The other complaint listed by several of the Gallaudet students was that, when they were connected to the RIT VAX system over the Internet, sometimes the screen would “freeze” for seconds or minutes between keystrokes. This was due to heavy line traffic, and it was one of the complaints that spurred an upgrade of the connection with the Internet system.
Research Evaluation Report
The course was also evaluated through questionnaires and interviews. These were conducted after the exam and grading in order to protect student anonymity and encourage an honest response. Although the picture that emerged was quite similar to that provided by student comments in the computer conference, some negative comments were stated a bit more strongly. Though the responses were anonymous, they were also voluntary and only about one-quarter of the students participated. This might have skewed the results in a more negative direction.
The formative evaluation was done by Barbara G. McKee and Marcia J. Scherer from Instructional Development at the National Technical Institute of the Deaf (NTID) at RIT. Students were requested both to fill out a questionnaire and to participate in a personal interview. The interviews were conducted by a graduate student who was in an educational specialist program at NTID and who was also proficient in American Sign Language.
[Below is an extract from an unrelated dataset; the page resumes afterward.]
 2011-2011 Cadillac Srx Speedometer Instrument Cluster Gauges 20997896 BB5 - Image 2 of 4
The study combined the input from students in the two courses into one set of results. Separate data are not available for this course as the intent was to evaluate the delivery systems rather than the courses themselves. A total of 51 students from the two campuses registered for the classes. Twenty-six were from RIT, and 25 from Gallaudet. Six dropped out (two from RIT and four from Gallaudet), and the researcher was not able to determine the reasons for their decision. Of the 45 participants—24 from RIT and 21 from Gallaudet—who finished the course, 8 voluntarily filled out questionnaires, and 10 came to a personal interview. Once the courses were concluded, the members moved on to busy schedules and were difficult to reach. It is also possible that those who were hearing impaired, which was about three-quarters of the group, may have been resistant to being objects of study. Even though the goal may have been to study the system, filling out questionnaires and submitting to a personal interview may have felt as if the person was the object of the evaluation.
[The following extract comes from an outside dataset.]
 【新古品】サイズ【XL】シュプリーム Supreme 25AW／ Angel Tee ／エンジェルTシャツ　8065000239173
The questionnaire asked a series of questions about the students’ opinions of various aspects of the course and had them rate their answers on a 5-point scale. The interview also tried to probe the same issues, but in more depth and with better opportunity to include subjective responses. The report also included evaluations by the interviewer and by the faculty who taught the courses.
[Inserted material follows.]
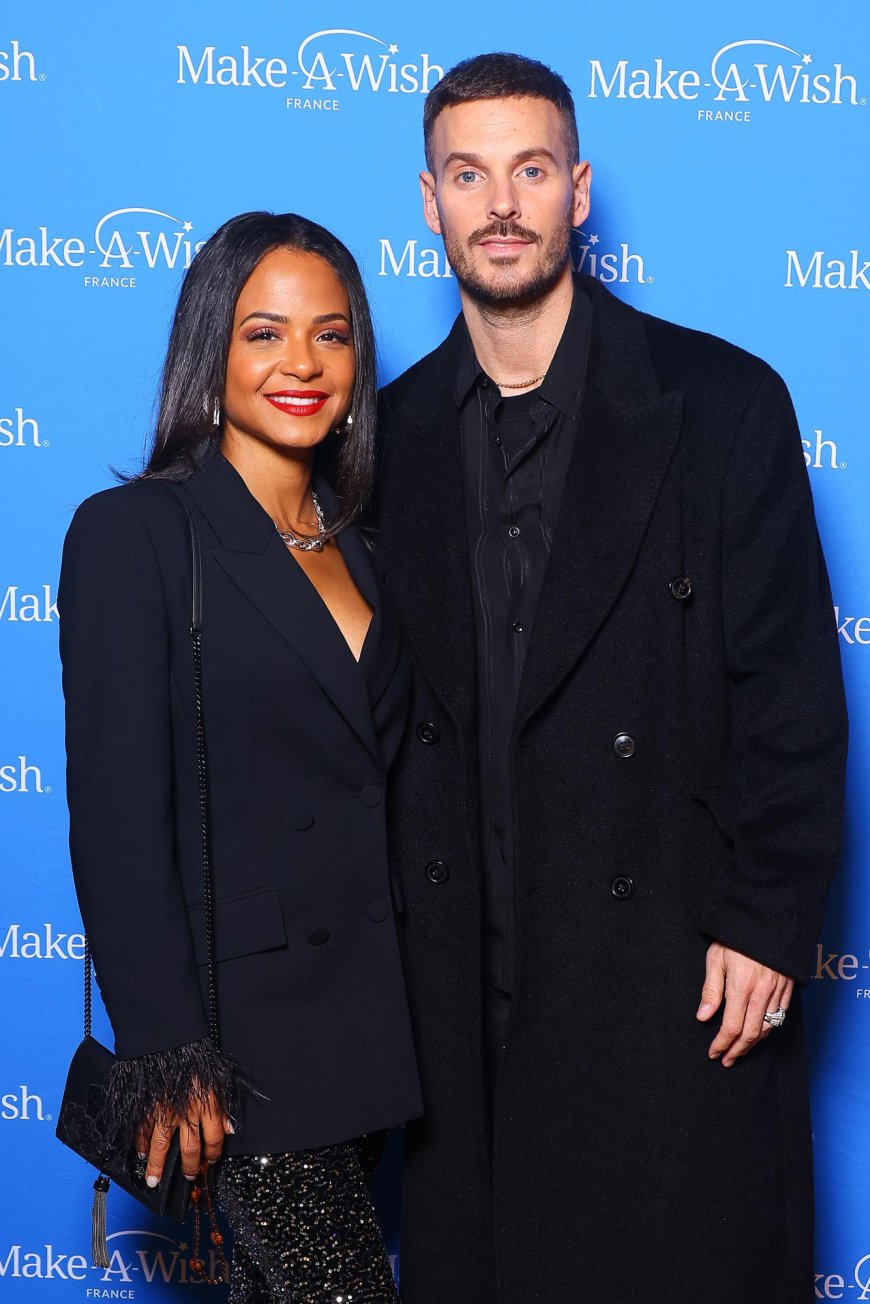 Christina Milian and Matt Pokora’s Relationship Timeline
The report noted that “students divided themselves into two basic groups: (a) those who enjoyed and were satisfied with the delivery system and stated they would be happy to enroll in another teleconferencing course, and (b) those who were not satisfied and stated they had no intention of enrolling in another such course.” Aside from the complaints about the periodic slowness of the Internet connection, negative comments were all psychosocial: either they missed the face-to-face social contact, or else they had trouble motivating themselves to do the work when there was no schedule to provide that discipline. None of the dissatisfaction indicated that using the technology was too difficult or that the technology was inadequate to deliver the content. (Both courses were history courses, and therefore this does not indicate whether the technology would be adequate for other content areas.) None of the hearing-impaired students who were accustomed to American Sign Language indicated that the computer provided any problems in conveying course content. None of the hearing students commented on problems arising from the class containing physically handicapped participants. Sometimes a reader might guess by the use of awkward English that a student was hearing impaired, but other times this fact would be indistinguishable. Apparently, CMC functions well as a mainstreaming mechanism.
When asked if they felt comfortable communicating through the computer, 50% either agreed or strongly agreed, and only 37% disagreed or disagreed strongly. One told the interviewer that “I feel more comfortable [with discussions through the VAX],” and “It helped my English skills.” Another confessed to being shy in a classroom and said, “I prefer discussions through the VAX because I do not have to worry about people looking at me. I feel more comfortable.” Another who also felt that people were less inhibited on the computer, at the same time thought that the discussions were less spontaneous. Others said it gave them time to think and express themselves better.
Eighty-seven percent said they did miss “seeing” their fellow students. When asked if this left them feeling isolated, half said yes, and half said no. Several told the interviewer that they missed seeing facial expressions and body gestures. One wrote on the questionnaire that “deaf people need to depend on eyes and hands.” This statement may partly explain the strong emphasis on the need for visual cues in communication stated by members of this class. Previous classes I have taught with CMC did not express the need for visual feedback this strongly. It may be a special function of the communication habits and needs of the hearing impaired. Interacting through the use of sign language is not only a visual means of interaction, but the participants’ entire body becomes involved in the exchange.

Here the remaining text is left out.